Saturday, February 10th, 2007 07:05 pm (UTC)
Are you going to match-lap them or scrape them individually?

Ya KNOW... I don't know what materials you'd use for this, but if you could pour cast iron onto some dense liquid with higher mp than iron, you could make float iron and have a crazy flat surface (bar thermal distortion as it cools, I guess...)
Saturday, February 10th, 2007 07:27 pm (UTC)
I'm going to match-scrape them. Totally old school, baby.
Sunday, February 11th, 2007 01:00 am (UTC)
lower mp -- just higher bp than iron mp....

not coming up with anything :)
Sunday, February 11th, 2007 06:45 am (UTC)
The warping issues as it cooled would be a huge problem. I have to assume that is the reason (to the best of my knowledge) no one has ever done this, unlike plate glass on molten tin. And even plate glass isn't THAT flat, not by optical/metrology standards.

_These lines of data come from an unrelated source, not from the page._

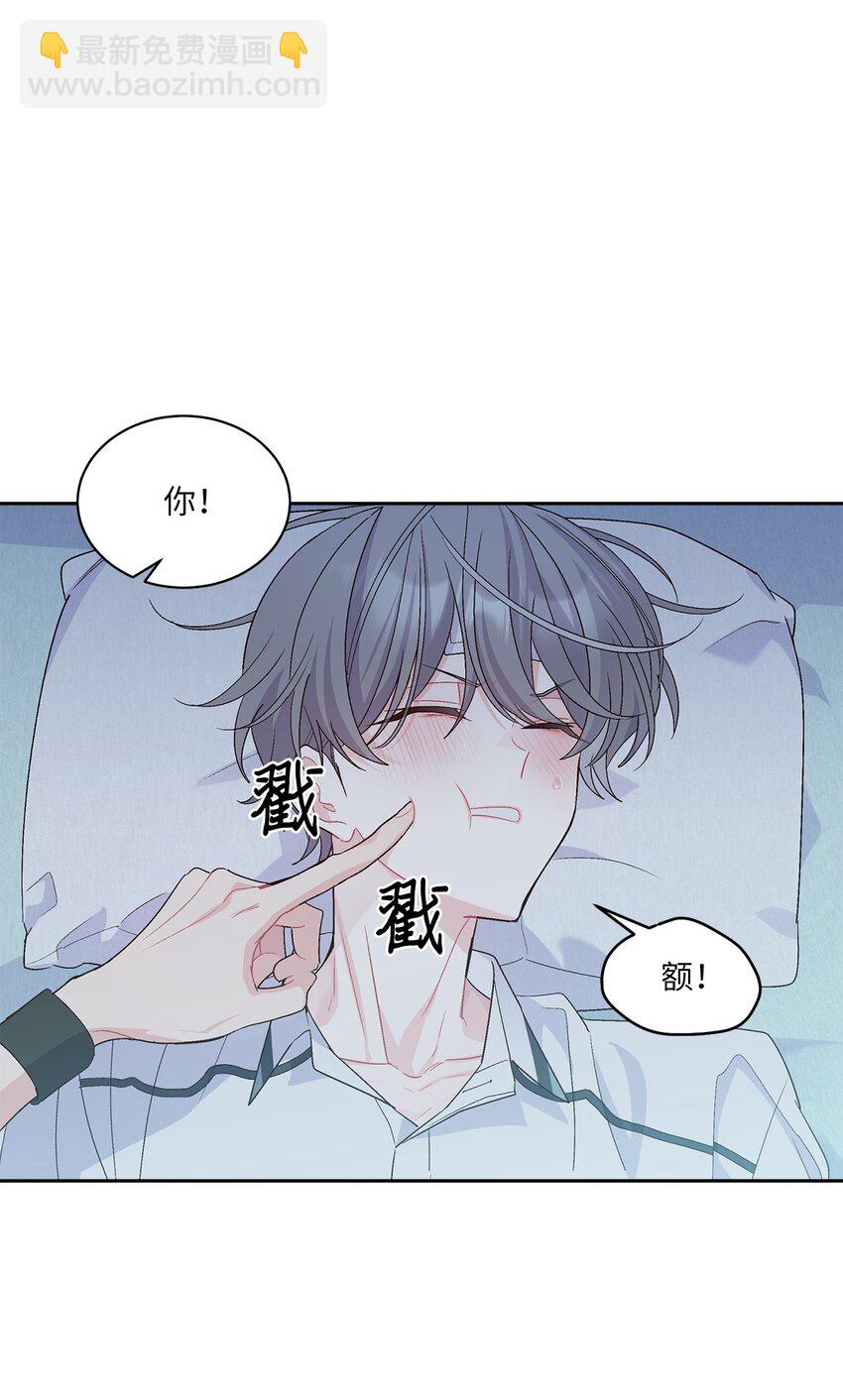 60 意外(1/2)-第60话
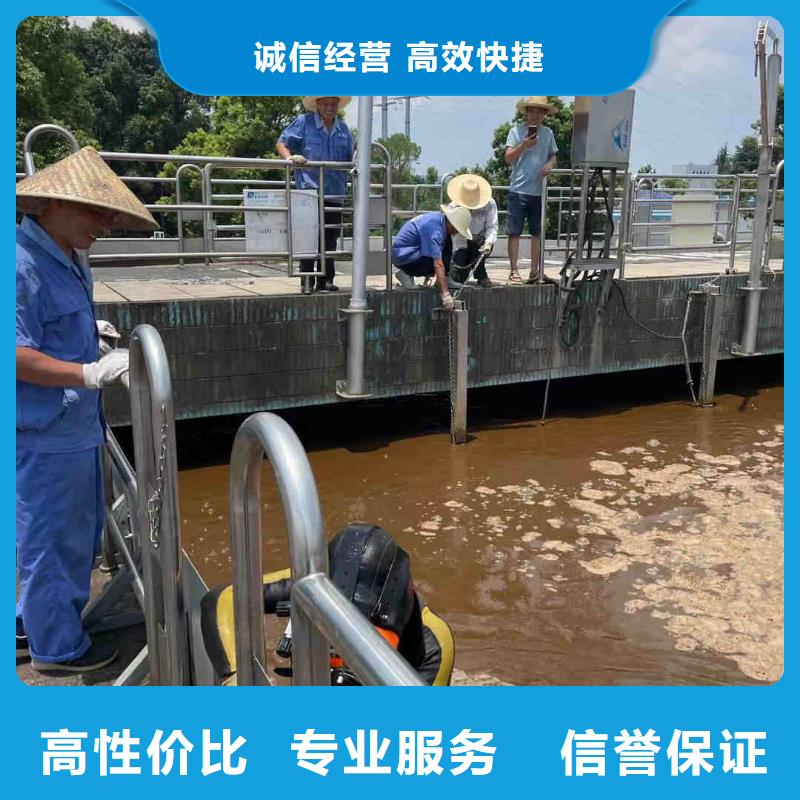 水下摄像录像公司-全国施工队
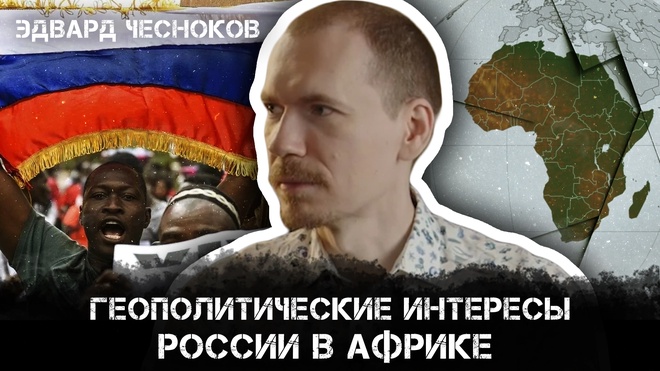 Постер к видео Геополитические интересы России в Африке | Эдвард Чесноков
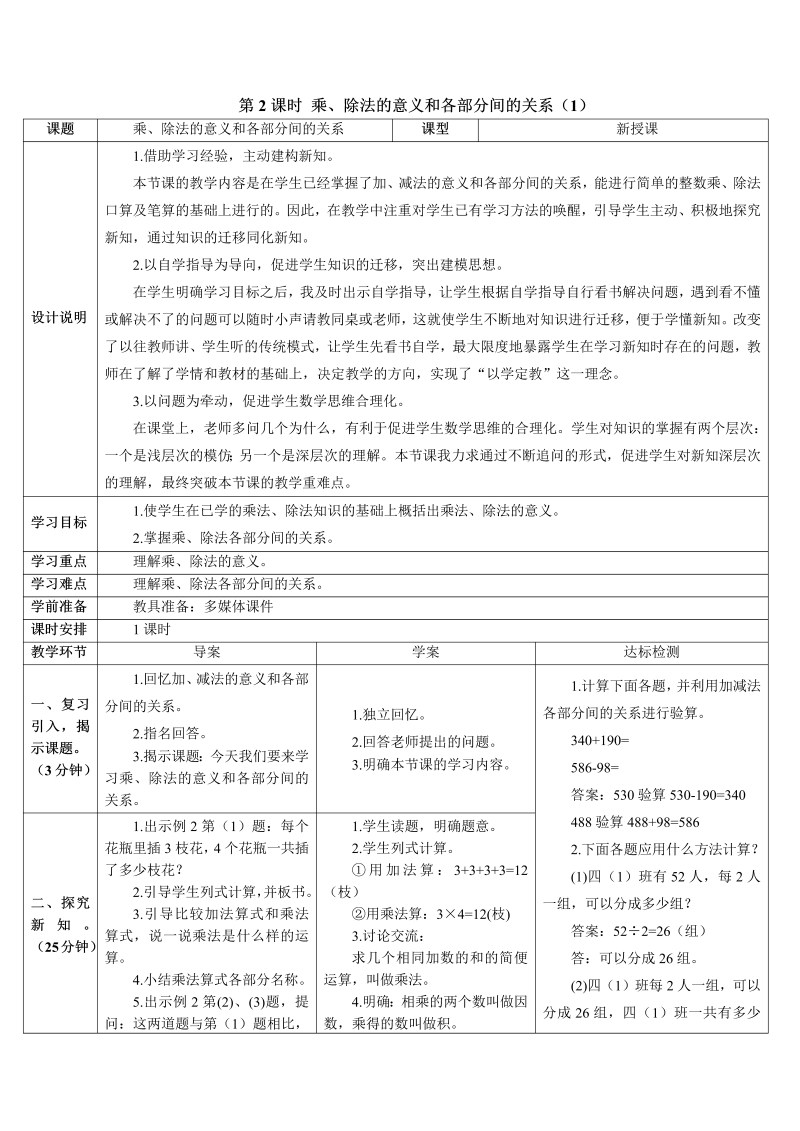 4年级数学下 第2课时 乘、除法的意义和各部分间的关系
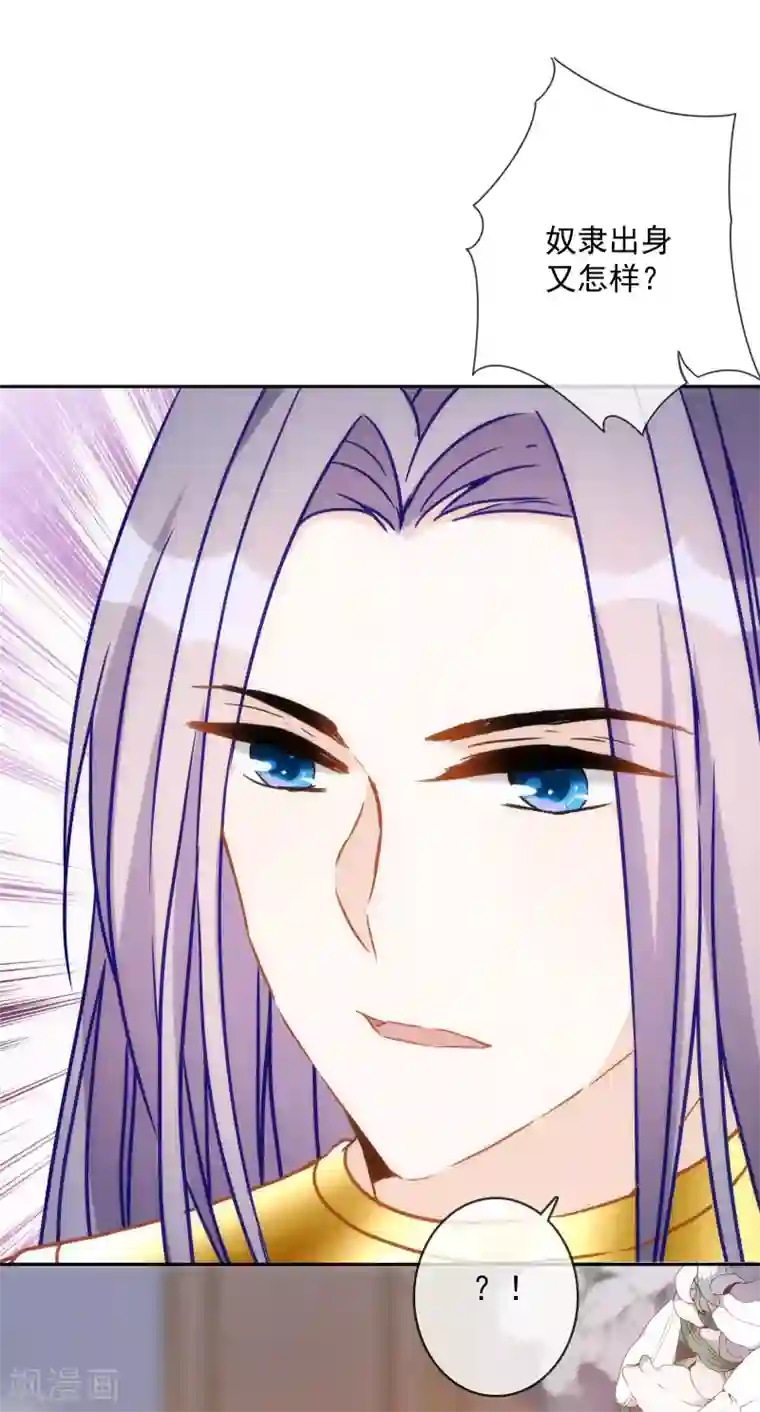 巴比伦王妃第23话 谁说血液有高贵之分？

Saturday, February 10th, 2007 09:48 pm (UTC)
The room we moved our robotics group into was the university's old metrology lab -- lovely air-conditioning and humidity control natch. The cupboards were another matter, including a venerable open container of mercury that, we discovered was used of old for mirroring flats for optical testing of surfaces with a sodium lamp and a knife-edge. This was a bit flatter than most surface plates need to be but it was a metrology lab, not a workshop.
Saturday, February 10th, 2007 10:11 pm (UTC)
Oooh, real climate control, nice. My robotics group always ended up with crap lab space in the sub-sub-basement, but that's what happens when you don't really have a source of funding.